(Image-text web data)
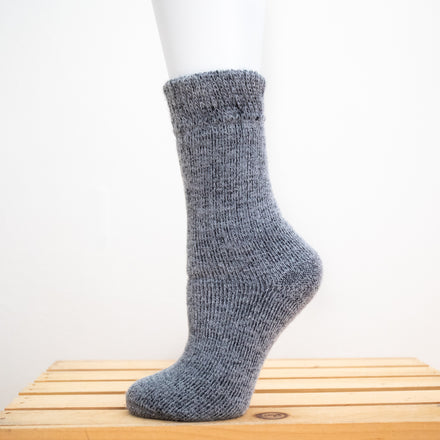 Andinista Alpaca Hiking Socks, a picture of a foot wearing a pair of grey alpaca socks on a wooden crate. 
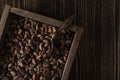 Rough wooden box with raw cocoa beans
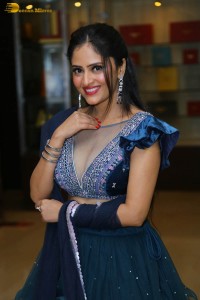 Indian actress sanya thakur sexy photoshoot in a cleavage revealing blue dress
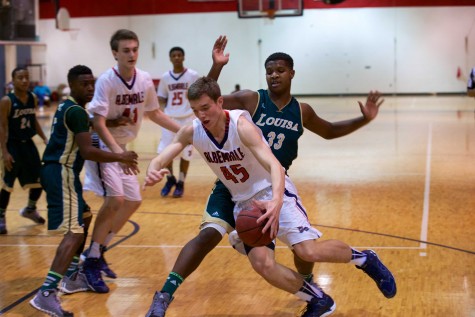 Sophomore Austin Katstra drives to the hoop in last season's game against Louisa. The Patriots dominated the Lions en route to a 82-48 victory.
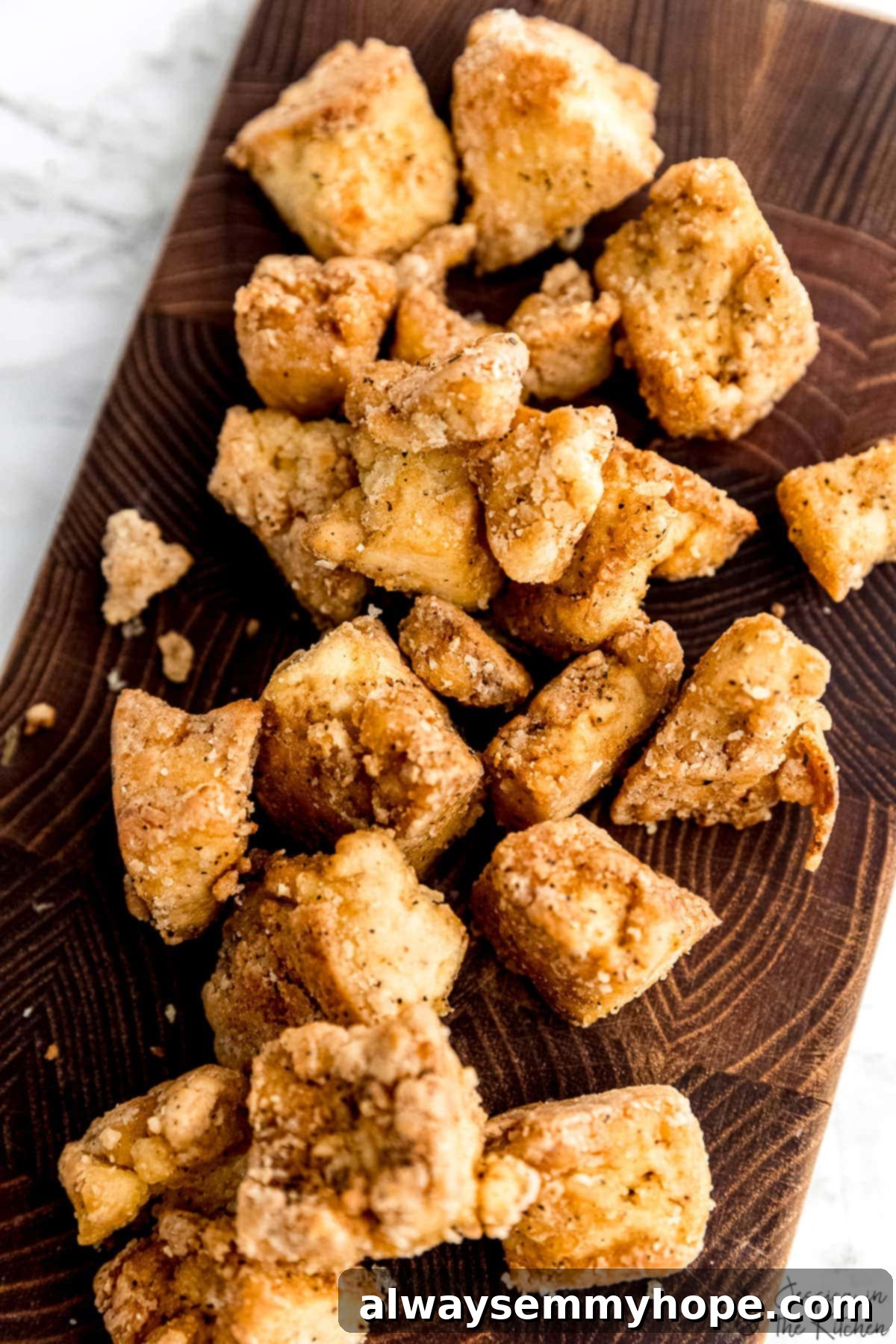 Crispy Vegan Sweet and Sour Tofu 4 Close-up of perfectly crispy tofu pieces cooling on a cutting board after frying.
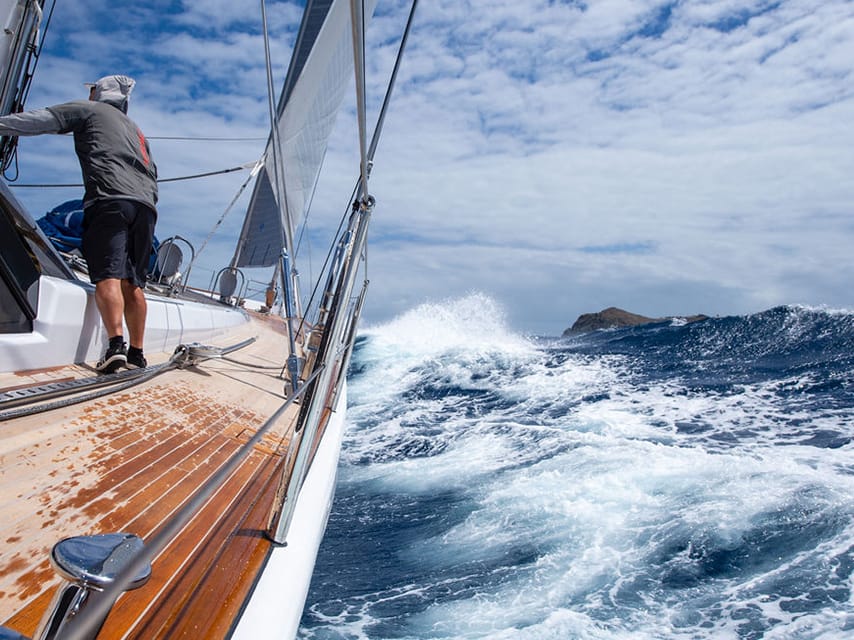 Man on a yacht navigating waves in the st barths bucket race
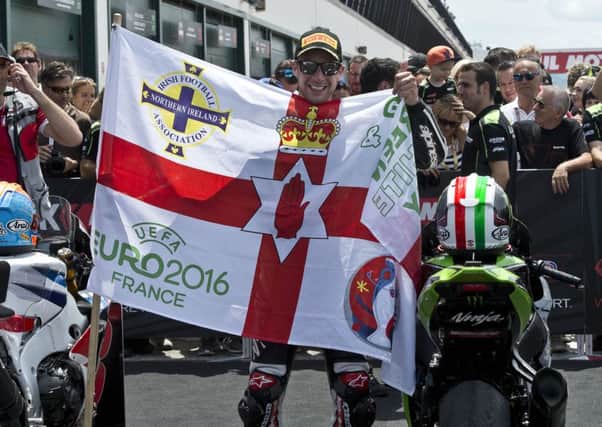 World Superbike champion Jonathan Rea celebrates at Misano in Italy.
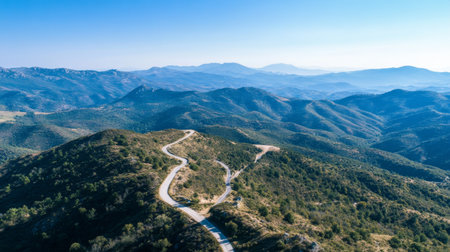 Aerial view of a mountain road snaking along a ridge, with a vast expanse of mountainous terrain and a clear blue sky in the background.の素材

* * *

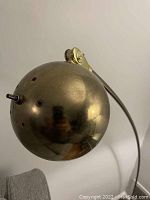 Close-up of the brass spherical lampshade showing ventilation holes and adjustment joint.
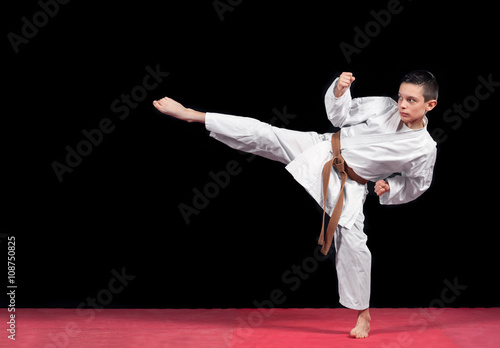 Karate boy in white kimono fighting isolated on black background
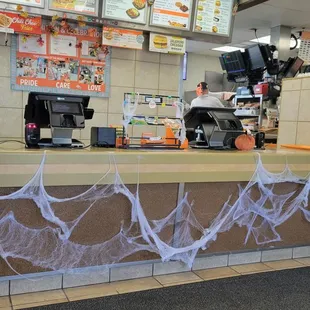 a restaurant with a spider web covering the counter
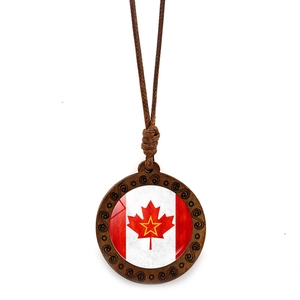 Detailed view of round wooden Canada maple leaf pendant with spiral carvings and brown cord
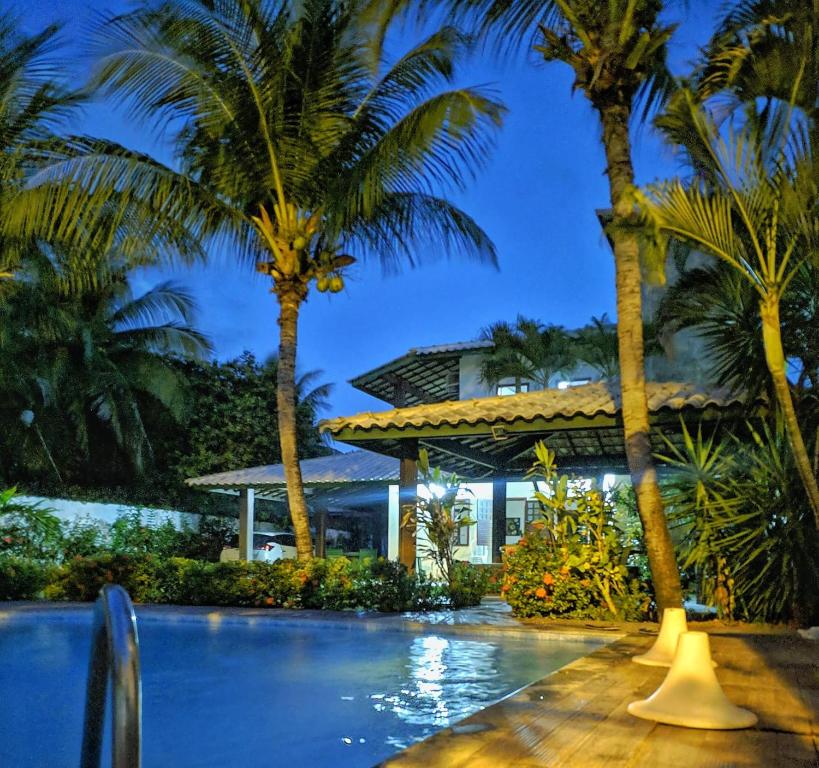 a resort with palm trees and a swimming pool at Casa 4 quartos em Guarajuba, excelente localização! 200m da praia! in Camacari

WORK ITEM: What belongs in the answer is each line above from the line with "Sophomore Austin Katstra" to the line with "Aerial view of", inclusive, reproduced exactly and free of pictures.

RESPONSE TO THIS TASK:
 Sophomore Austin Katstra drives to the hoop in last season's game against Louisa. The Patriots dominated the Lions en route to a 82-48 victory.
 Crispy Vegan Sweet and Sour Tofu 4 Close-up of perfectly crispy tofu pieces cooling on a cutting board after frying.
 Man on a yacht navigating waves in the st barths bucket race
 World Superbike champion Jonathan Rea celebrates at Misano in Italy.
 Aerial view of a mountain road snaking along a ridge, with a vast expanse of mountainous terrain and a clear blue sky in the background.の素材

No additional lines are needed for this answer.